> _Problem_
Transcribe all the material exactly. Leave every line as it is.

> _Information provided_
********************

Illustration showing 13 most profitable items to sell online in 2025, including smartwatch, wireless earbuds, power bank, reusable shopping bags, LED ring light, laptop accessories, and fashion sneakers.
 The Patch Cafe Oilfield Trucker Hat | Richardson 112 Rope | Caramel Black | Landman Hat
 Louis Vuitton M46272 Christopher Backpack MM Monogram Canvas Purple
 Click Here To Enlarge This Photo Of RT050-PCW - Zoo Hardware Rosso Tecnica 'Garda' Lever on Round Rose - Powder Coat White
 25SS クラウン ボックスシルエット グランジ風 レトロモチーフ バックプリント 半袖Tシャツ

********************

> _Solution below_
Illustration showing 13 most profitable items to sell online in 2025, including smartwatch, wireless earbuds, power bank, reusable shopping bags, LED ring light, laptop accessories, and fashion sneakers.
 The Patch Cafe Oilfield Trucker Hat | Richardson 112 Rope | Caramel Black | Landman Hat
 Louis Vuitton M46272 Christopher Backpack MM Monogram Canvas Purple
 Click Here To Enlarge This Photo Of RT050-PCW - Zoo Hardware Rosso Tecnica 'Garda' Lever on Round Rose - Powder Coat White
 25SS クラウン ボックスシルエット グランジ風 レトロモチーフ バックプリント 半袖Tシャツ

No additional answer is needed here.